2. If the wind is so strong that it breaks some stalks and when other stalks
don't bend or break it pops the rhizomes themselves out of the ground by
breaking their roots -- I call it severe weather.
Other conditions are relative -- some to the iris, others to the irisarian. I
certainly would not call a 20 degree F. night "severe" if it happens in January
when the iris are winter-dormant. If it happens in late March or early April,
though, when early varieties are blooming and later ones are forming buds --
that's another story. Weather that wipes out a good portion of my bloom
definitely qualifies as "severe"!
Some years ago, I enjoyed a mid-summer visit to Minnesota.

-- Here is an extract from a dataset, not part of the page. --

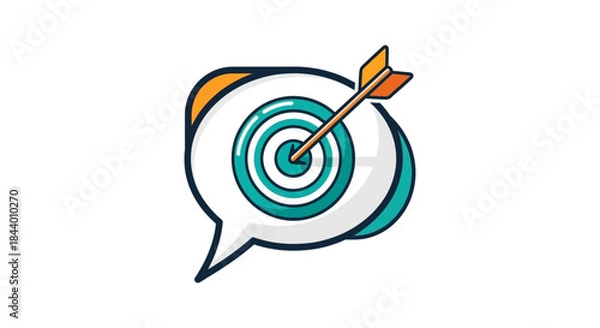 Fototapeta target audience communication icon with bullseye and arrow inside speech bubble illustrating marketing message focus and brand strategy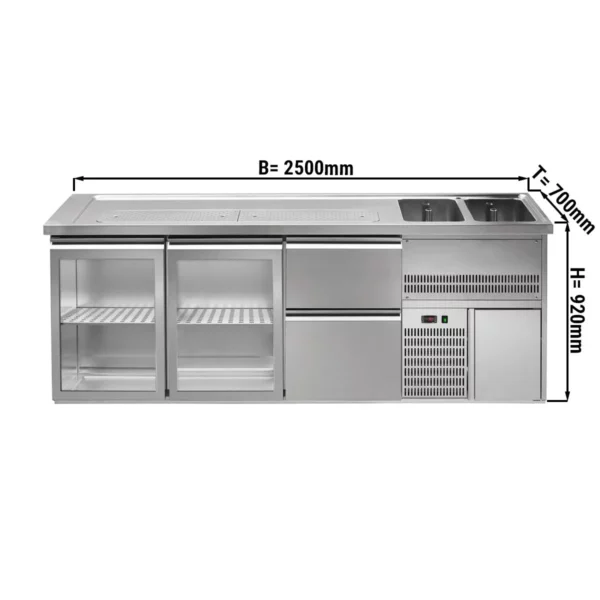 Pivný pult PREMIUM PLUS - 2500x700mm - 2 sklenené dvierka a 2 zásuvky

I considered it a
gorgeous day, a delightful change of pace compared to New Mexico temperatures of
over 110 coupled with relative humidity less than 10%. Then I noticed my hosts
seeking the shade at every opportunity and learned that by their standards it
was NOT a gorgeous day, but rather that they considered the heat unusually
"severe" !
Something tells me I don't want to visit the north country in the winter . . . .
Sharon McAllister (72272.1745@compuserve.com)
"Officially" in USDA Zone 8, but with a micro-climate of colder winters & hotter
summers.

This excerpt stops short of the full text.